HALIFAX – Fourteen communities across Nova Scotia are closer to enjoying the benefits of clean, green locally generated electricity as the province announced the next round of approved Community Feed-In Tariff projects on Tuesday.
"We are very pleased with the vision and collaborative approach that has been demonstrated by these applicants," said Energy Minister Charlie Parker. "These projects will result in communities generating power in their own backyards, while providing economic development opportunities in the communities they serve."
Details of the projects are:
-- a 3.2-megawatt wind project owned by Watts Wind Energy, near Porters Lake
-- a 100-kilowatt hydro project owned by Halifax Water
-- a 50-kilowatt wind project owned by Annapolis Valley Waste in Kentville
-- a 500-kilowatt biomass project in Hasset, Digby Co., owned by the Municipality of Digby
-- the Municipality of Shelburne's 800-kilowatt large wind project in Sandy Point
-- two-megawatt wind projects in Yarmouth and Shelburne, owned by Scotian Windfields
-- a 1.5-megawatt project in Goldboro, Guysborough Co., and two 50-kilowatt projects in Mulgrave, owned by Celtic Current
-- a 50-kilowatt small wind project in Mulgrave owned by the Town of Mulgrave
-- a 500-kilowatt biomass project operated by Windmill Hollsteins in Shubenacadie
-- a 1.9-megawatt project operated by Affinity Renewables in Dean, near Stewiacke and 4.8-megawatt project in Truro.
Next steps for applicants include securing financing, completing a grid-impact study and obtaining the required federal and provincial environmental assessments and approvals.
The Community Feed-in Tariff concept was introduced in the 2010 Renewable Electricity Plan to help reduce greenhouse gas emissions, provide a secure supply of clean energy at stable prices and create jobs. The program began accepting applications in September 2011.
More than 100 locally based proposals have been received from more than 20 community groups for this unique, made-in-Nova Scotia initiative to encourage community participation in renewable energy projects.
The Municipality of the District of Digby's biomass project will use mink waste to develop renewable electricity, rather than sending it to landfill.
"This project is one more step towards creating a positive environment for renewable energy investment in Digby," said Warden Linda Gregory. "We commend the province for establishing the right conditions to move this forward."

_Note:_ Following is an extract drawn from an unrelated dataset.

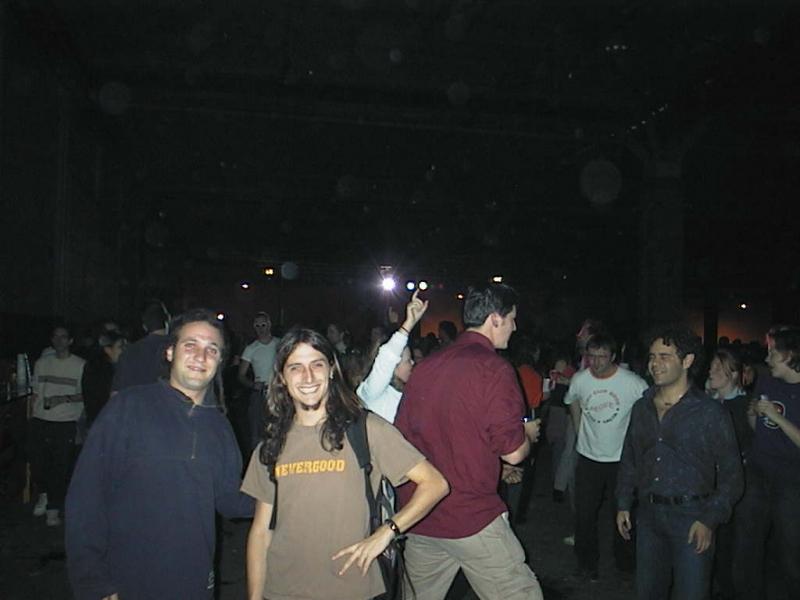 Fall Agora 2003 (22.10.2003 - 26.10.2003) - Agora in Zaragoza - 18: I have no idea who they are and why they are smiling like this :)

"COMFIT provides us with the opportunity to turn this waste into clean, locally generated electricity," said Max Barr, president, South West Eco Energy Ltd. "To our knowledge, this is a first for the North American mink industry."
Windmill Holsteins will use a similar process to produce energy from farm waste.
The Community Feed-in Tariff allows eligible groups to receive an established price per kilowatt hour (kWh) for projects producing electricity from certain renewable resources. Rates were established by the Utility and Review Board in September.
Projects can include wind, biomass, in-stream tidal and run-of-the-river hydroelectric developments. Eligible groups include municipalities, First Nations, co-operatives, universities and not-for-profit groups.
The COMFIT program will help the province reach its renewable electricity targets of 25 per cent renewable electricity by 2015 and 40 per cent by 2020. The province expects 100 megawatts of electricity to be produced through the COMFIT program.